In May 2020, just 70 days after Wang conceived the idea, he and his team developed and patented the first U.S. Food and Drug Administration (FDA) approved neutralizing antibody detection test for SARS-CoV-2. Known as the “cPass,” the test measures neutralizing antibodies that may prove valuable in developing a future “immunity passport.” Working with the World Health Organization (WHO), Wang is now creating a global surveillance protocol, an international standard measurement unit, and neutralizing antibody testing. These heroic feats in the face of a pandemic are, perhaps, what prompted his unofficial title as “The Batman of Singapore.”
Facing Existential Threat
Microbes existed long before the human species and they will likely be around long after we cease to exist. While it may not seem so in the midst of a pandemic, “In the modern world of medicine, we have (for the most part) won the battle against the microbes,” says Dr. Michael Osterholm, Director of the Center for Infectious Disease Research and Policy at the University of Minnesota. Osterholm also served on the Biden Transition Team’s COVID-19 Advisory Board. He has spent much of his career in a chess-like match anticipating microbial evolution’s next move and strategizing public health policies to address unimaginable threats.
A blueprint for understanding the dynamics of a pandemic requires a “creative imagination — an ability to anticipate the unthinkable and create a plausible public response,” says Osterholm.
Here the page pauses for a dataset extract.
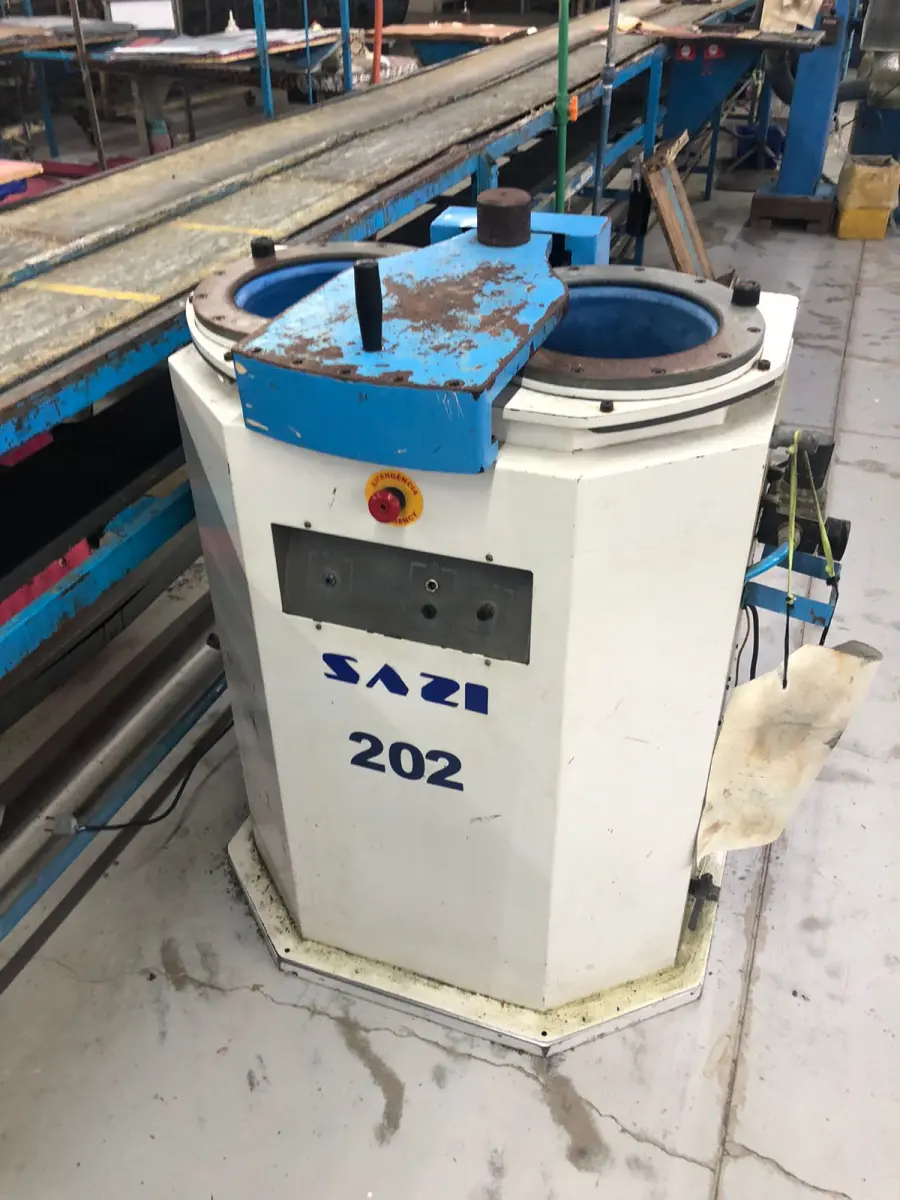 LOTE 019 - uma prensa sorveteira Sazi 202 2 postos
Referencing the death rate of U.S. soldiers during World War I, Osterholm indicates that nearly 7 out of 8 American soldiers died not from combat, but from the 1918 Spanish flu pandemic. With an historical knowledge of pandemics and outbreaks such as SARS, MERS, and Ebola, he asks, “Why did COVID-19 catch the world off guard, unprepared, and seemingly unable to fathom the sheer scale of the pandemic’s impact?” The current pandemic is most likely “not even the big one,” he suggests. “Another influenza pandemic, like the Spanish flu, could prove even more devastating than COVID-19.”
Infectious disease exposes the weaknesses in global societies from the world’s food systems to demographic inequalities. Osterholm explained that in order to feed the nearly 8 billion people on earth, we raise about 23 billion chickens, and, as of 2020, 678 million pigs. While avian flu viruses generally do not infect humans, when chickens live in close proximity to pigs, transmission occurs. Pigs can contract both human and bird viruses creating genetic exchanges and new mutations transmissible to humans with potentially deadly outcomes. Osterholm emphasized that ethnic groups and indigenous societies are suffering a disproportionate impact for a myriad of reasons — many of which stem from societal discrimination, inequality, and poverty.
Tanja Stadler, Linfa Wang, and Michael Osterholm agree and advocate for an internationally coordinated response to COVID-19. Osterholm expressed a need for understanding how public health practices interface with everyday life in various countries around the world. He says, “The greatest vaccines and the best tools in the world will be rendered ineffective unless we achieve public support and acceptance.”